▶ **What to work on**
Entries follow. Give back exactly the lines starting at the one containing "WSM Honda TRX 300 / 400 Luftfilter 88-97" and ending at the one containing "Black Girl 🫦", and no other lines.

▶ **Data for analysis**
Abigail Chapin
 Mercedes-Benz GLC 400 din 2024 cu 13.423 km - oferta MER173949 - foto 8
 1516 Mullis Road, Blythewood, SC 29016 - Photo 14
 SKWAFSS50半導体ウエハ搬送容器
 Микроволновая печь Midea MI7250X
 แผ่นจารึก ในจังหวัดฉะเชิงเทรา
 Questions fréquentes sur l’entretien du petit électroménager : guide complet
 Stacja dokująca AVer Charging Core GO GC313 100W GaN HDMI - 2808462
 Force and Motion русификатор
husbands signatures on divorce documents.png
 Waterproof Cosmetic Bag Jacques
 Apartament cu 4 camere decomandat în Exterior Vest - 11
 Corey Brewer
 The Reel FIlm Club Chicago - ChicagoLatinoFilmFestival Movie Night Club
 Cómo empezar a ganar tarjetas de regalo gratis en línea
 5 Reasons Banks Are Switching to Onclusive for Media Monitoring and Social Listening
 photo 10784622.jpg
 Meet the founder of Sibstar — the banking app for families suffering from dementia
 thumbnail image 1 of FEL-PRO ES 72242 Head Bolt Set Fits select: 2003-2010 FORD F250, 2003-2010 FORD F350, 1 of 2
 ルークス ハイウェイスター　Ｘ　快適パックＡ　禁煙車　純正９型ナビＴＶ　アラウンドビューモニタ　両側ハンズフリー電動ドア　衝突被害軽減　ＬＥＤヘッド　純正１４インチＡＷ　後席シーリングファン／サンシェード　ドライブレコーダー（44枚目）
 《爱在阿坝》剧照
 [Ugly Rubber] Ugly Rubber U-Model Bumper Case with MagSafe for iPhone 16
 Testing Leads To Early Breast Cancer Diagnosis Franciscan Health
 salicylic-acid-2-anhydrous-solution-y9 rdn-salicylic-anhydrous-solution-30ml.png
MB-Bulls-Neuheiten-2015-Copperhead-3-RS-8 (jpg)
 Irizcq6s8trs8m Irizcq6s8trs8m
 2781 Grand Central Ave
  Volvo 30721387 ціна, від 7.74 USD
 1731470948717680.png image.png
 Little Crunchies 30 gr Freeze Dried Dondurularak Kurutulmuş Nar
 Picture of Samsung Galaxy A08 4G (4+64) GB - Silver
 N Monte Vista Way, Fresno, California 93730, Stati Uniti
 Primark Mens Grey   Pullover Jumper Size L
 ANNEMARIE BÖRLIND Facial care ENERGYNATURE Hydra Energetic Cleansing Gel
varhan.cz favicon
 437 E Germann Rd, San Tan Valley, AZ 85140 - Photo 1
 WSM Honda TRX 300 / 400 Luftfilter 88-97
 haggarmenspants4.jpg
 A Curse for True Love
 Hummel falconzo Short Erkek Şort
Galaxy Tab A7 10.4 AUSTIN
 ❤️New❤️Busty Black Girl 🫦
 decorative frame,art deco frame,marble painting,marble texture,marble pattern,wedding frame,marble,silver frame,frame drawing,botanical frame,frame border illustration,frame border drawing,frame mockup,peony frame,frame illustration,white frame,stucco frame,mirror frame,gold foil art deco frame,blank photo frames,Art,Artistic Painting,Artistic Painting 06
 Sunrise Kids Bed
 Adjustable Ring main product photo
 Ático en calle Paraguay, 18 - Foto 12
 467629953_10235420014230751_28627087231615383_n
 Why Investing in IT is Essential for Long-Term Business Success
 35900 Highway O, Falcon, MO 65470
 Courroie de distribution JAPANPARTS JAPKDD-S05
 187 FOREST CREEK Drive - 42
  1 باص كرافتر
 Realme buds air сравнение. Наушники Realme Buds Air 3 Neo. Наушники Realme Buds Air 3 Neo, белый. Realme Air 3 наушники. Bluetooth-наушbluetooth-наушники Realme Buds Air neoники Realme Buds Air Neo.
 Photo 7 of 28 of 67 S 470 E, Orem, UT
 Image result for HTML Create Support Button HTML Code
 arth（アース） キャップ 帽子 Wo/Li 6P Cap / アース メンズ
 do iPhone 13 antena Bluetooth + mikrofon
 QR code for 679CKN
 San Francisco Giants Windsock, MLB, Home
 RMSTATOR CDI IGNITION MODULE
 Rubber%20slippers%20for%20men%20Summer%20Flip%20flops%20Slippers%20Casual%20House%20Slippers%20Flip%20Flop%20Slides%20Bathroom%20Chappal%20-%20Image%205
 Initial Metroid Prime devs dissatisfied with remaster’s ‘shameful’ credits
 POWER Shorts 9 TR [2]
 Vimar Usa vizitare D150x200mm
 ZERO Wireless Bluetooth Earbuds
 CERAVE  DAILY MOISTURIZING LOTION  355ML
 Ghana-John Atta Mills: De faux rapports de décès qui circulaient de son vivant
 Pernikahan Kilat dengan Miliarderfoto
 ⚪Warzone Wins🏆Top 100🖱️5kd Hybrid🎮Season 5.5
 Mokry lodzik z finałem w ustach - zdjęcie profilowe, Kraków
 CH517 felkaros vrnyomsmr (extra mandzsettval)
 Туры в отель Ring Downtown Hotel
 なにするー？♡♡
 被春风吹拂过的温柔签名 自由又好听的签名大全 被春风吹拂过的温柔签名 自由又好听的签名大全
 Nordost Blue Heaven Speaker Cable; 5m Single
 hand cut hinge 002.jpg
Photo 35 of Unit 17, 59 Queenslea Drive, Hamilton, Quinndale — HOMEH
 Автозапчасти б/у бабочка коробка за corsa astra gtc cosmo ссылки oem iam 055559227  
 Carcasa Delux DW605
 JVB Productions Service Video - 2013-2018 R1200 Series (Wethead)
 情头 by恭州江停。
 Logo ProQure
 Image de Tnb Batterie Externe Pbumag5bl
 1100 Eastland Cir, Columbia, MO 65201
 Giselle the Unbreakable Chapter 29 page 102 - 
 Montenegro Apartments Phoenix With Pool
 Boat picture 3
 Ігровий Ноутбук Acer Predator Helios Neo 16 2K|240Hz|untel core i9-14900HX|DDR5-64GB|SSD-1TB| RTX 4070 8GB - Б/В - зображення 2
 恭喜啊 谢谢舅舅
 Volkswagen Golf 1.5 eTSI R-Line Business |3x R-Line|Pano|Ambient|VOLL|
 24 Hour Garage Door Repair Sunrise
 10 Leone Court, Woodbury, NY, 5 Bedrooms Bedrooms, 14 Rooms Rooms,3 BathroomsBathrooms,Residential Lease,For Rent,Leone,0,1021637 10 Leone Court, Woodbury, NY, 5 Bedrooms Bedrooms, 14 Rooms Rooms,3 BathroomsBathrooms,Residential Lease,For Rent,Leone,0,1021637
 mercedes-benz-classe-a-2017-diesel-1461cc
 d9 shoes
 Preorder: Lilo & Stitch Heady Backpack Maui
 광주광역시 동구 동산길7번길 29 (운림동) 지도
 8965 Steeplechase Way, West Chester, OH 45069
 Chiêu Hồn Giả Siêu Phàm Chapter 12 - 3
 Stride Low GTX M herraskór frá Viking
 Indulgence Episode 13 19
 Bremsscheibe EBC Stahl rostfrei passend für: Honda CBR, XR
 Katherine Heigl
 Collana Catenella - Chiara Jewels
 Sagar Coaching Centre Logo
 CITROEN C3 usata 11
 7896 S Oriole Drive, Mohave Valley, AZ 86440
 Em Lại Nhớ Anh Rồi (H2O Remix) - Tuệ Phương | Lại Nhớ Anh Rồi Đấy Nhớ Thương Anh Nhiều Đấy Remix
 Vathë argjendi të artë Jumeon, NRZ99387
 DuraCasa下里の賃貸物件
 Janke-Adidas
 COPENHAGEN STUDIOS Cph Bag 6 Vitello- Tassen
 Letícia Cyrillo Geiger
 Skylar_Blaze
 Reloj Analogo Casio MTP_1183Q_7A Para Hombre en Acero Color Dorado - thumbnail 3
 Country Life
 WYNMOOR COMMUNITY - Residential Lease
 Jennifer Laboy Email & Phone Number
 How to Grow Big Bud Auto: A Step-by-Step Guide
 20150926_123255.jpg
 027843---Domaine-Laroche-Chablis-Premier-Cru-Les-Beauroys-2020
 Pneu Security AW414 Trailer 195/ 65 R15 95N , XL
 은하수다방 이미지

▶ **Written solution**
 WSM Honda TRX 300 / 400 Luftfilter 88-97
 haggarmenspants4.jpg
 A Curse for True Love
 Hummel falconzo Short Erkek Şort
Galaxy Tab A7 10.4 AUSTIN
 ❤️New❤️Busty Black Girl 🫦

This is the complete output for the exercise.